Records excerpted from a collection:
◇ ◇ ◇
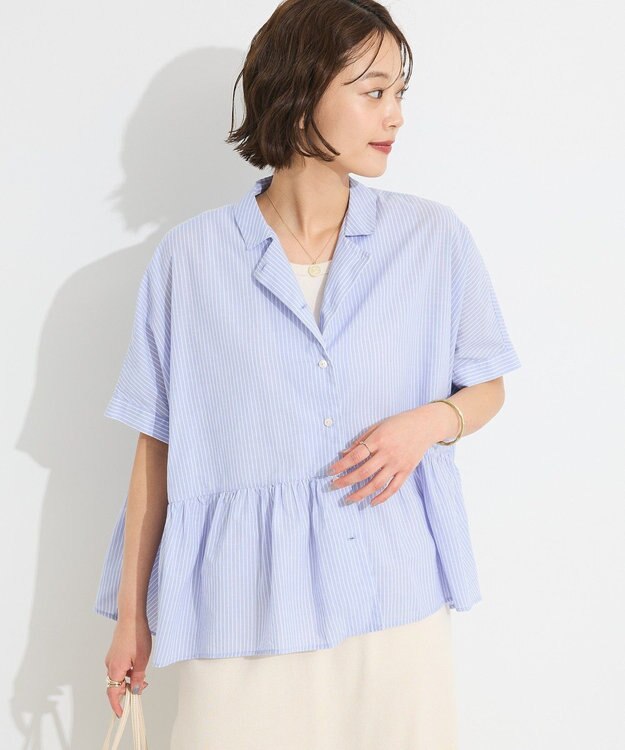 CRAFT STANDARD BOUTIQUE ペプラムブラウス Stripe Blue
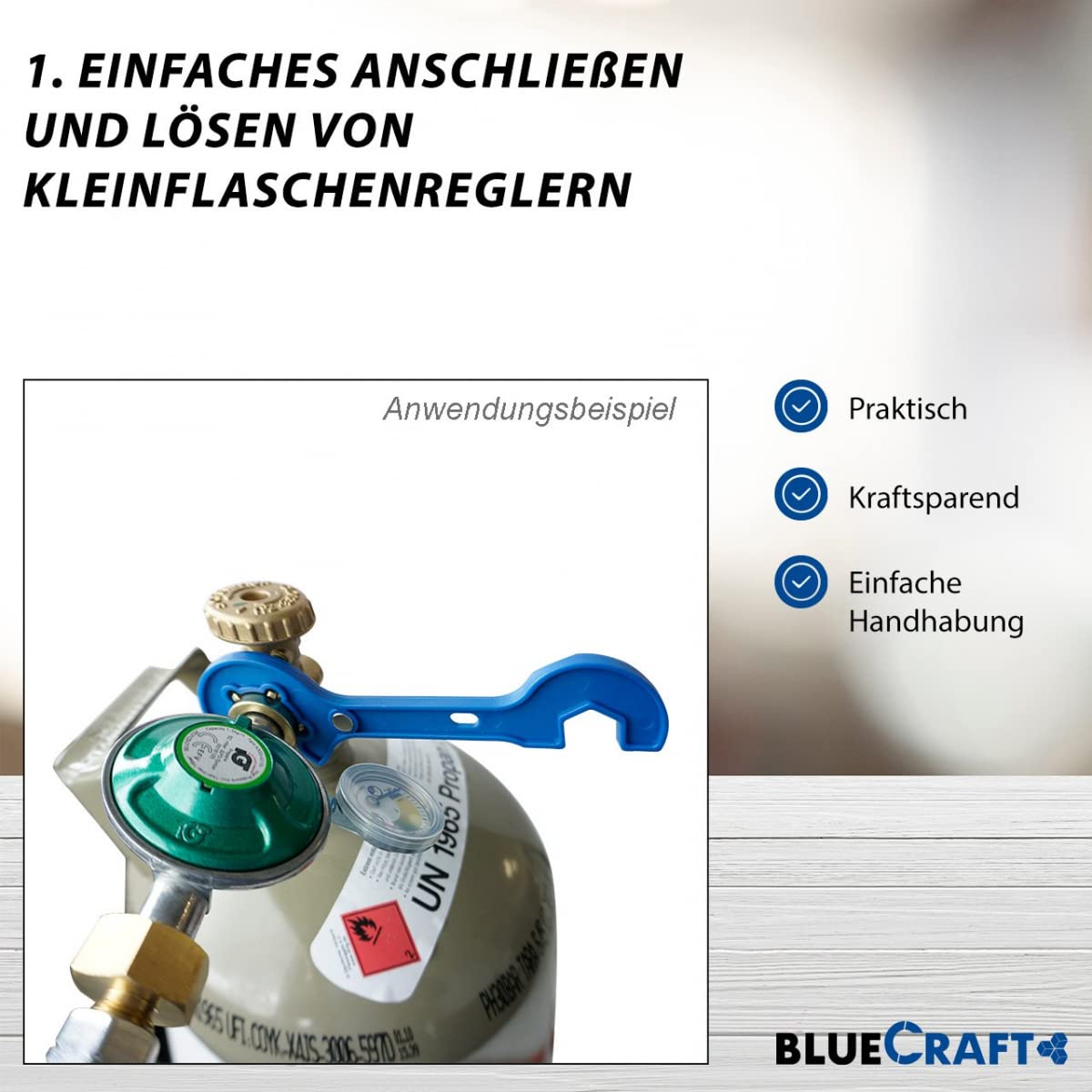 Bluecraft 4X Propan-Gasflasche 11kg grau Neu, leer, inkl. Gasreglerlöser mit Magnet + Schlüssel 17mm für Überwurfmutter 1/4"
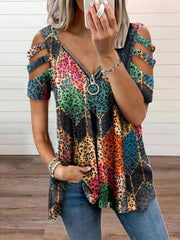 V-neck Zipper Printed Short Sleeve Loose T-shirt Ins Street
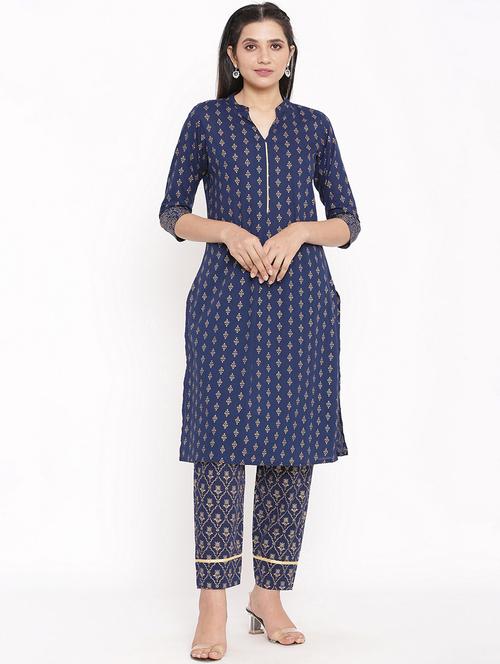 foil print straight kurta palazzo set - 17838042 - Standard Image - 1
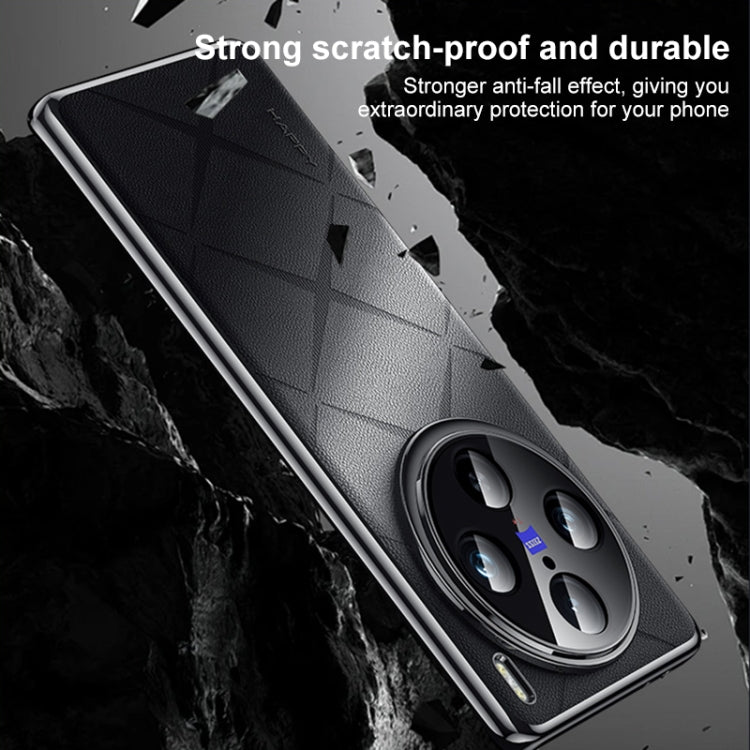 For vivo X100s Plain Leather PC Phone Case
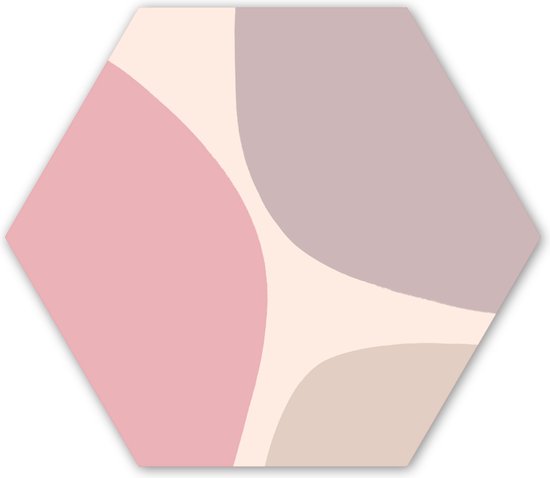 Hexagon wanddecoratie - Kunststof Wanddecoratie - Hexagon Schilderij - Design - Pastel - Minimalisme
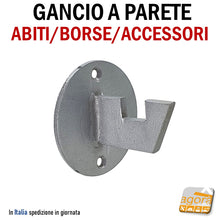 Carica l'immagine nel visualizzatore di Gallery, GANCIO APPENDIBORSE PORTA ABITI X ACCESSORI FISSAGGIO A PARETE ACCIAIO X MURO gancio per negozio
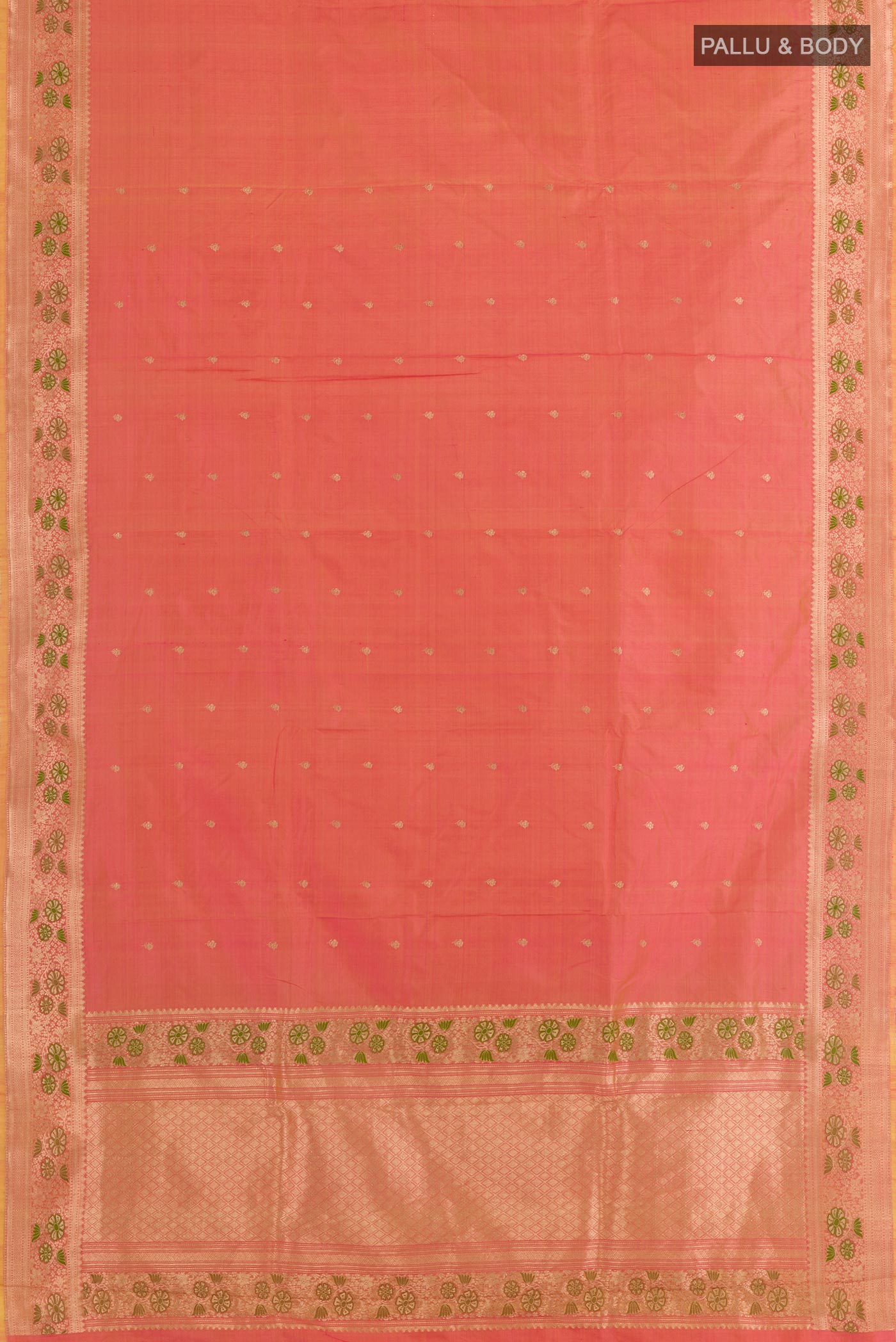 Flat view of Peach Dual Tone Banarasi Katan Silk Saree with Zari Butta on the body and Zari Border. 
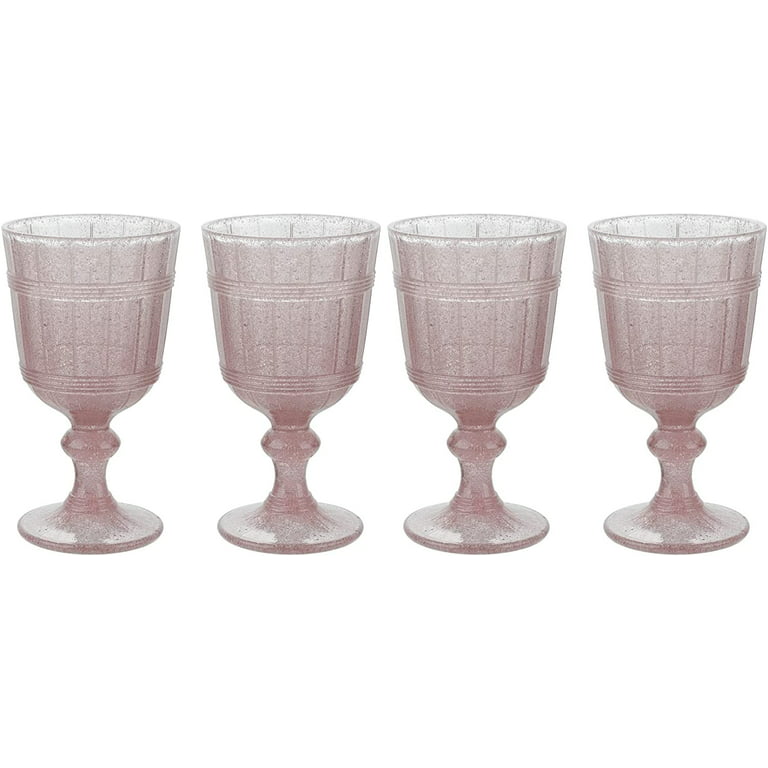American Atelier Vintage Bubbles Wine Glasses | Set of 4 | Wine Goblets |  Colored Vintage Style Glassware | Dishwasher Safe | Pink | 11-Ounce Capacity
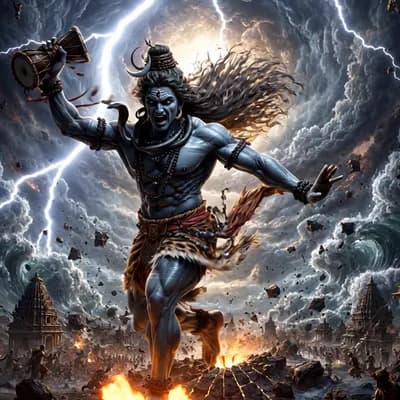 AI generated video: शकर जी का तांडव करते हुए वीडियो जिसमे सम्पूर्णा  ब्रम्हांड धरती हिलती हुई दिखाती है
◇ ◇ ◇
*EXERCISE*
Return every entry word for word, leaving the pictures out.

*ANSWER BOX*
 CRAFT STANDARD BOUTIQUE ペプラムブラウス Stripe Blue
 Bluecraft 4X Propan-Gasflasche 11kg grau Neu, leer, inkl. Gasreglerlöser mit Magnet + Schlüssel 17mm für Überwurfmutter 1/4"
 V-neck Zipper Printed Short Sleeve Loose T-shirt Ins Street
 foil print straight kurta palazzo set - 17838042 - Standard Image - 1
 For vivo X100s Plain Leather PC Phone Case
 Hexagon wanddecoratie - Kunststof Wanddecoratie - Hexagon Schilderij - Design - Pastel - Minimalisme
 Carica l'immagine nel visualizzatore di Gallery, GANCIO APPENDIBORSE PORTA ABITI X ACCESSORI FISSAGGIO A PARETE ACCIAIO X MURO gancio per negozio
 Flat view of Peach Dual Tone Banarasi Katan Silk Saree with Zari Butta on the body and Zari Border. 
American Atelier Vintage Bubbles Wine Glasses | Set of 4 | Wine Goblets |  Colored Vintage Style Glassware | Dishwasher Safe | Pink | 11-Ounce Capacity
 AI generated video: शकर जी का तांडव करते हुए वीडियो जिसमे सम्पूर्णा  ब्रम्हांड धरती हिलती हुई दिखाती है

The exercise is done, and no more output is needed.